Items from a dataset
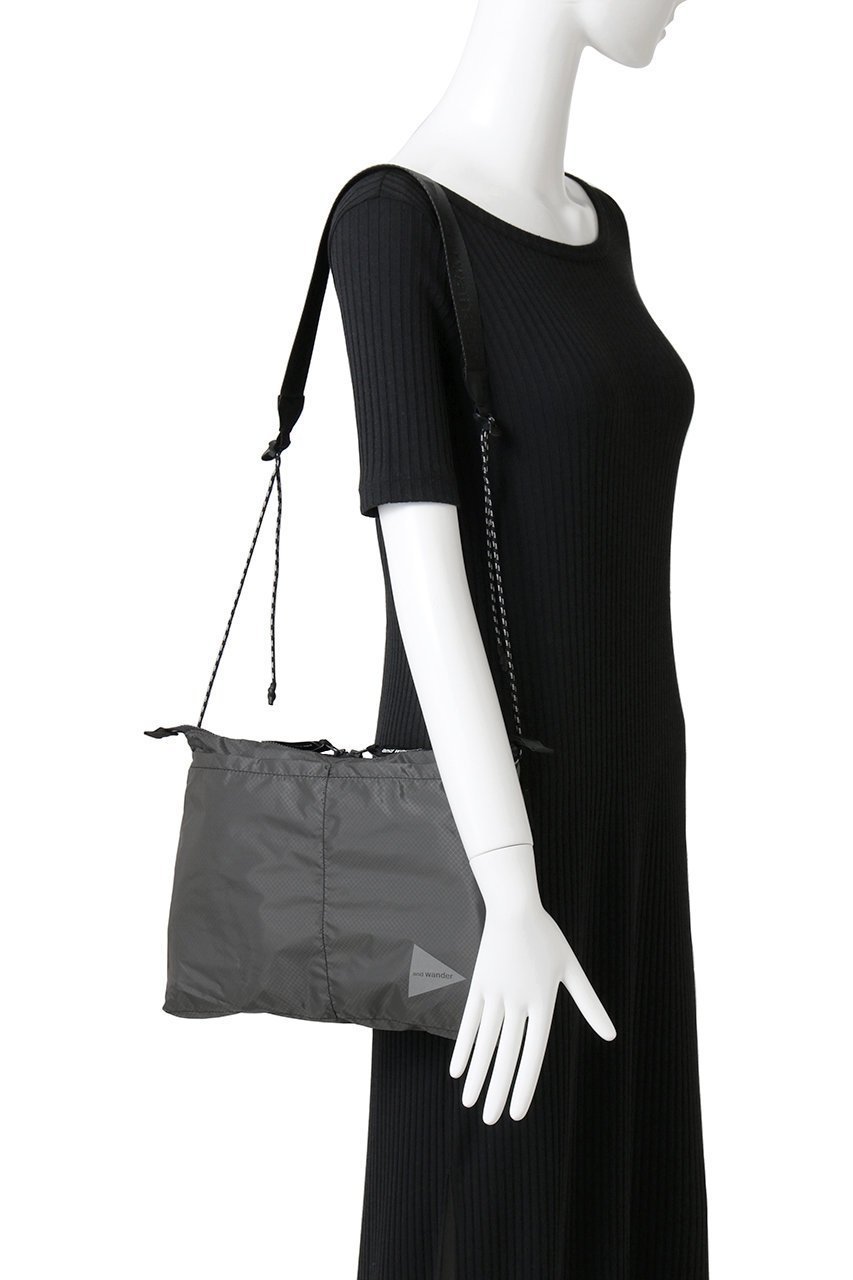【アンドワンダー/and wander】の【UNISEX】sil サコッシュ 人気、トレンドファッション・服の通販 founy(ファニー) 　ファッション　Fashion　レディースファッション　Fashion for Women　ポーチ&ミニバッグ　Pouches & Mini Bags　ユニセックス　Unisex, Genderless　アウトドア　Outdoor Clothing　スマート　Smart, Elegant　ポーチ　Pouch, Small Case　新作・新入荷　New Arrivals / New In　旅行　Travel　財布　Wallet, Purse　軽量　Lightweight, Ultra Light　other-2|ID: prp329100004738869 ipo3291000000034228967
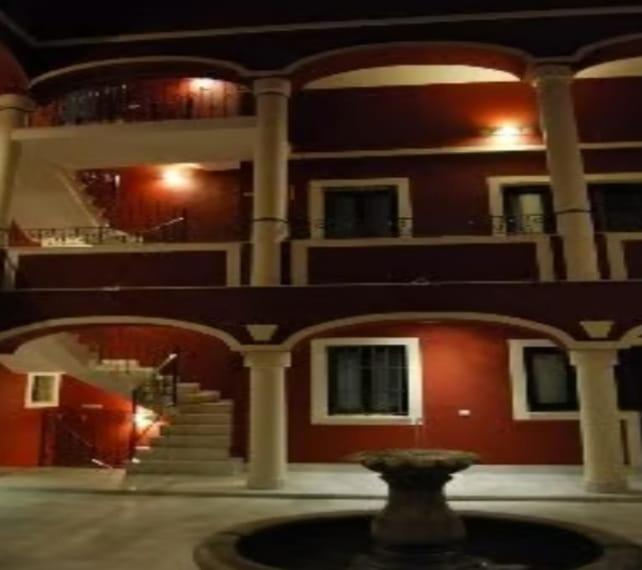 patio de luja centro parking y piscina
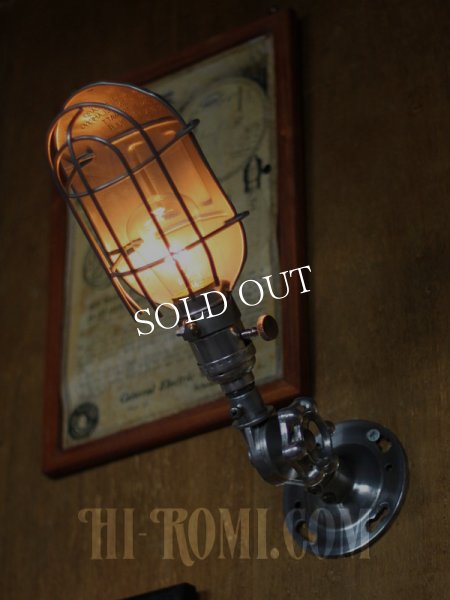 USAヴィンテージバルブ角度調整&ワイヤーケージ付工業系ブラケット/アンティーク工業系インダストリアル壁面照明ランプ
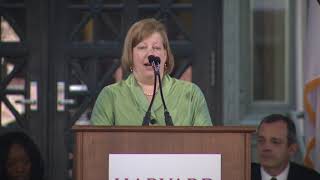 Carol Steiker accepts the Sacks-Freund Award for Teaching Excellence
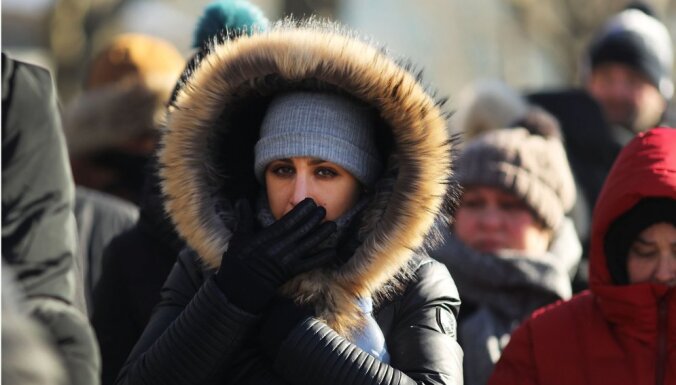 Опрос: 60% жителей Латвии в холодную погоду всегда носят шапки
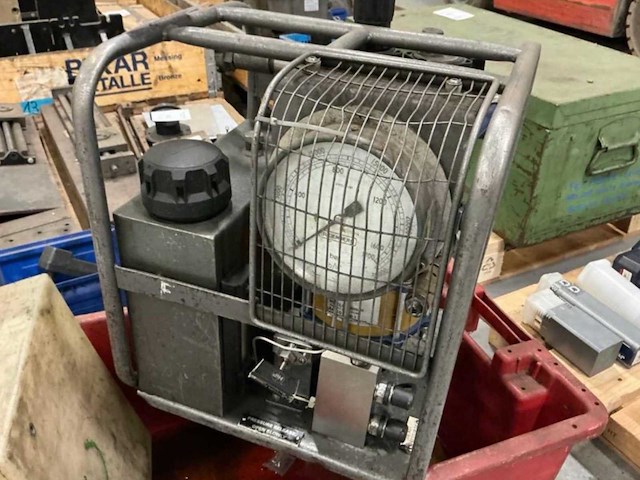 Hydraulisch geteste pomp 1700 bars - afbeelding 2 van  5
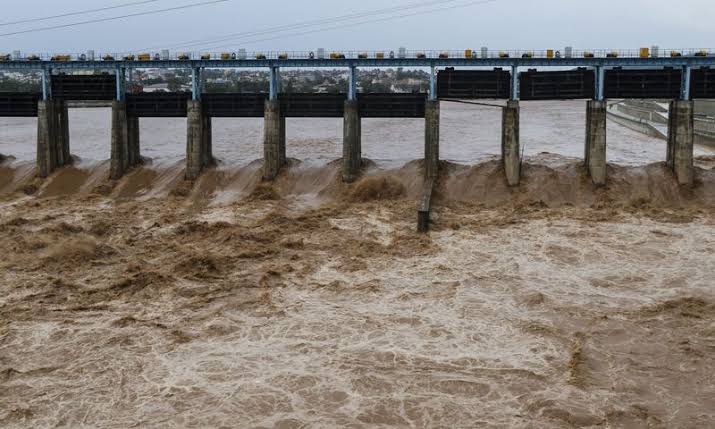 Tawi, Chenab rivers surge after heavy rain
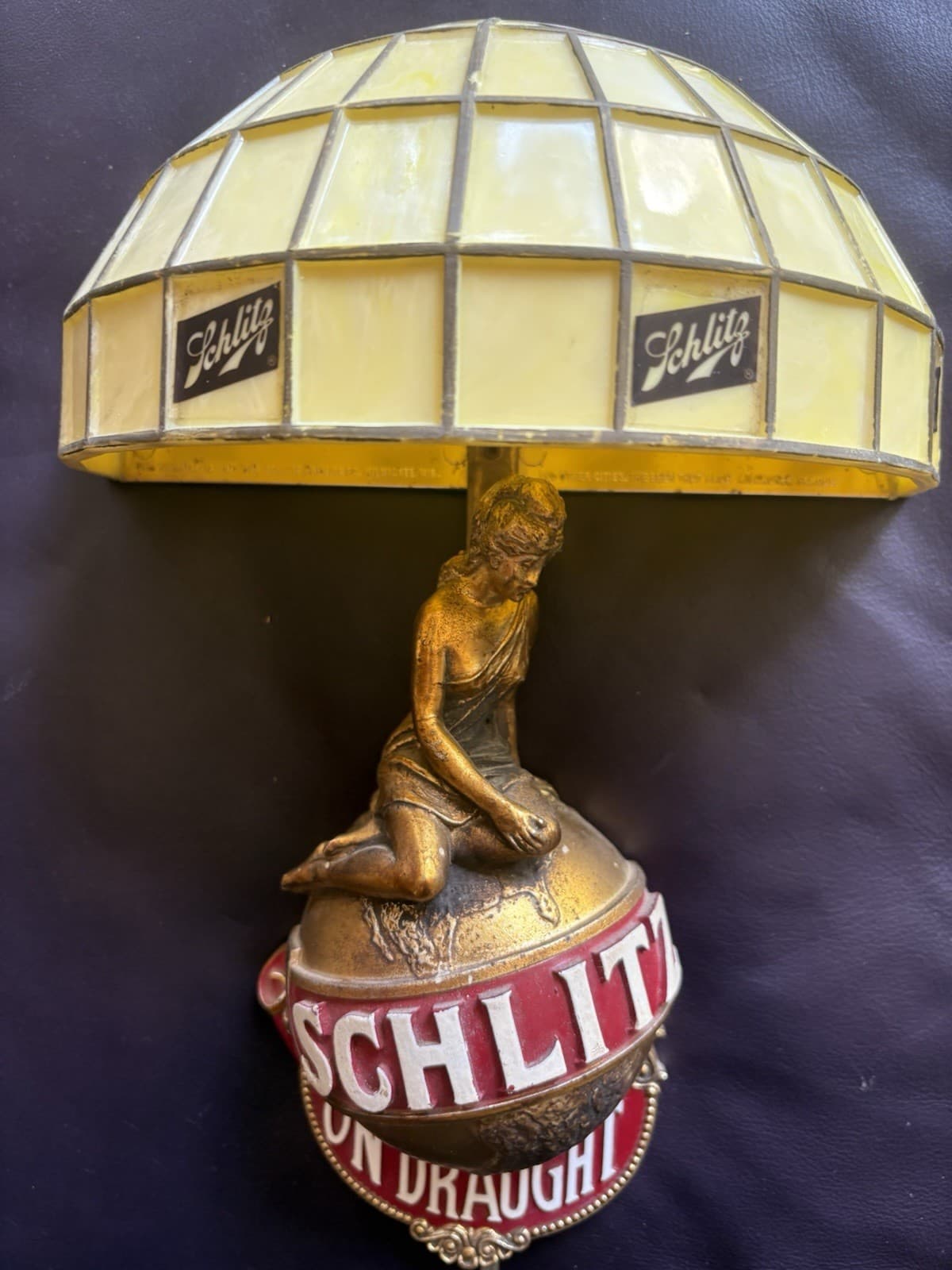Vintage 1970s Schlitz On Tap Lighted Sign W/Girl Sitting On Top Of World Globe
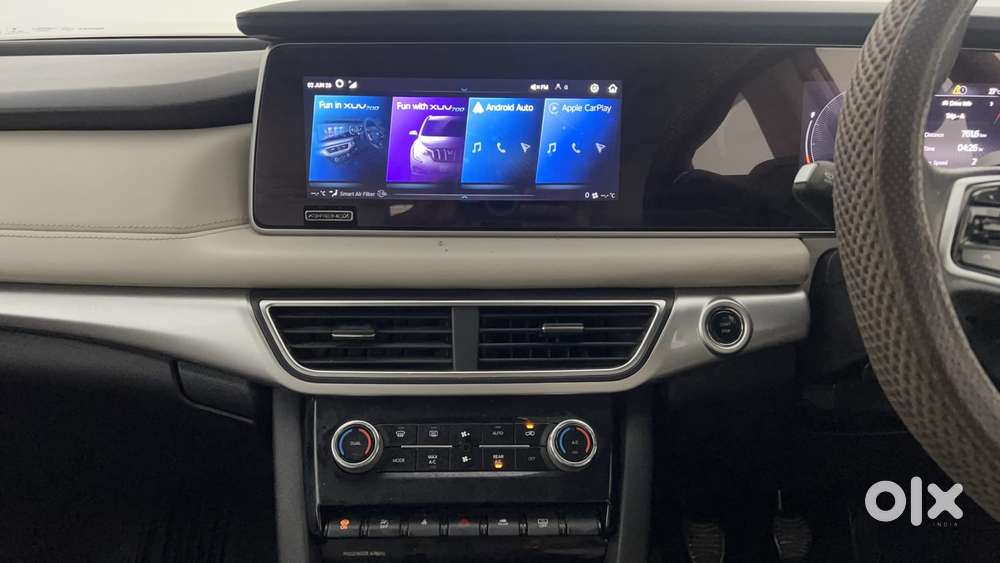 Mahindra Xuv700 2.0 Ax 7 Petrol Mt Str, 2022, Petrol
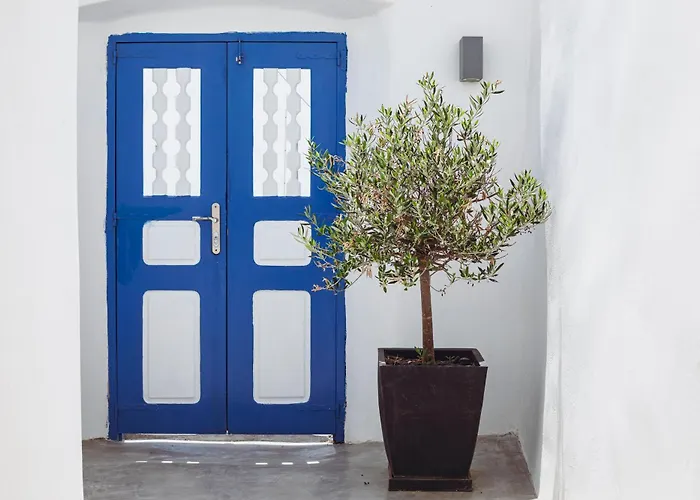 Dionysos By Kefia * Pýrgos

_Exercise requirements_. All of the entries above are to be duplicated exactly, with every image left out.

_Exercise answer_.
【アンドワンダー/and wander】の【UNISEX】sil サコッシュ 人気、トレンドファッション・服の通販 founy(ファニー) 　ファッション　Fashion　レディースファッション　Fashion for Women　ポーチ&ミニバッグ　Pouches & Mini Bags　ユニセックス　Unisex, Genderless　アウトドア　Outdoor Clothing　スマート　Smart, Elegant　ポーチ　Pouch, Small Case　新作・新入荷　New Arrivals / New In　旅行　Travel　財布　Wallet, Purse　軽量　Lightweight, Ultra Light　other-2|ID: prp329100004738869 ipo3291000000034228967
 patio de luja centro parking y piscina
 USAヴィンテージバルブ角度調整&ワイヤーケージ付工業系ブラケット/アンティーク工業系インダストリアル壁面照明ランプ
 Carol Steiker accepts the Sacks-Freund Award for Teaching Excellence
 Опрос: 60% жителей Латвии в холодную погоду всегда носят шапки
 Hydraulisch geteste pomp 1700 bars - afbeelding 2 van  5
 Tawi, Chenab rivers surge after heavy rain
Vintage 1970s Schlitz On Tap Lighted Sign W/Girl Sitting On Top Of World Globe
 Mahindra Xuv700 2.0 Ax 7 Petrol Mt Str, 2022, Petrol
 Dionysos By Kefia * Pýrgos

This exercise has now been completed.